Three ways that travel retail is riding on digital

Travel retail has tended to be a niche market, but the digital world is opening up opportunities to be seized. Here are three ways that the duty-free sector is catching up with the digital challenge.

1. Make earlier contact with potential customers.

- Educate travellers about products and services available at the airport.
- Put airport shopping in front of them.

Example: a “buy now, collect later” service where customers can shop online at leisure before their trip, save time at the airport, and choose if they wish to pick up their purchases on departure or upon arrival.

2. Align the sales strategy with the entire airport ecosystem (airports, airlines, brands).

- Partner with airlines to inform travellers about what they can find in store at the same time as they get online confirmation for their flight.
- Highlight personalized and exclusive offers.

Example: a loyalty program that is tailored to frequent travellers and that offers benefits such as free parking, lounge access and fast-track privileges.

3. Change the value proposition.

The duty-free sector traditionally focused on pure value for money. Now, it is moving toward exclusivity and novelty, as well as delivering shopping experiences that meet and exceed customer expectations.

- Promote products exclusively on travel retail before they are available in other sales channels.
- Feature products and services that are exclusive to the travel experience, such as special packaging, tastings or brand interactions.

Example: virtual assistants that interact with travellers in different languages and interactive personal shoppers that suggest other items relevant to what the customer is looking at.

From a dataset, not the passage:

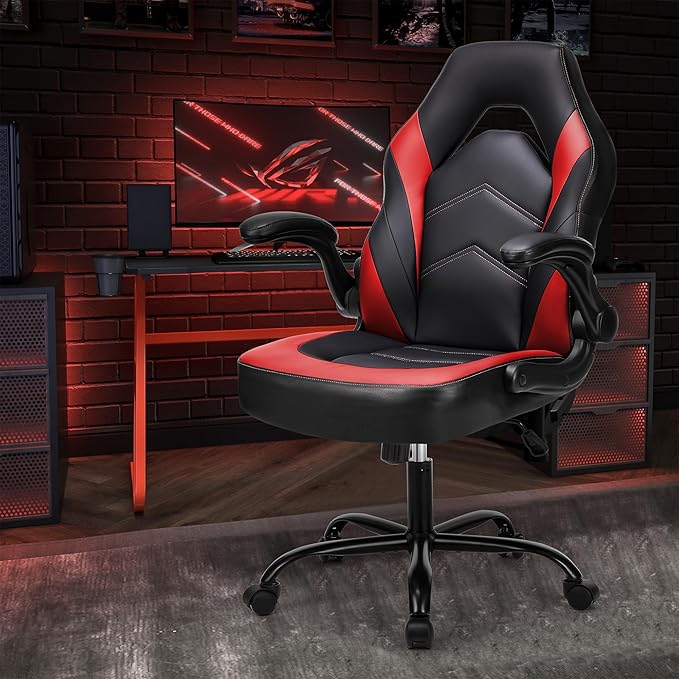 OLIXIS Computer Gaming Desk Chair - Big and Tall Ergonomic Comfy Lumbar Support with Flip-up Armrest and 360° Swivel Wheels, PU Leather Height Adjustable, for Home and Office, Red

Travel retail is a promising market. Global duty-free sales in 2017 reached USD 68.6 billion. (1) But while other retailers have been quick to jump on the digital bandwagon and push their content commerce capabilities, travel retail has lagged behind. These companies do not necessarily have a website for each of their airport stores and the offerings for where they have website stores may be limited.

Yet there is a clear path forward. Leading global travel retailers can reach up to 2.5 billion potential customers each year, i.e. passengers transiting through the airports in which they operate. The number of potential customers, combined with the “dwell time” - the time passengers spend after security check and before boarding - opens a window for commerce opportunities.

Travel retailers are working to grab the attention of this captive audience and to focus on those micro-moments where immediate needs or spontaneous emotions can trigger certain buying decisions.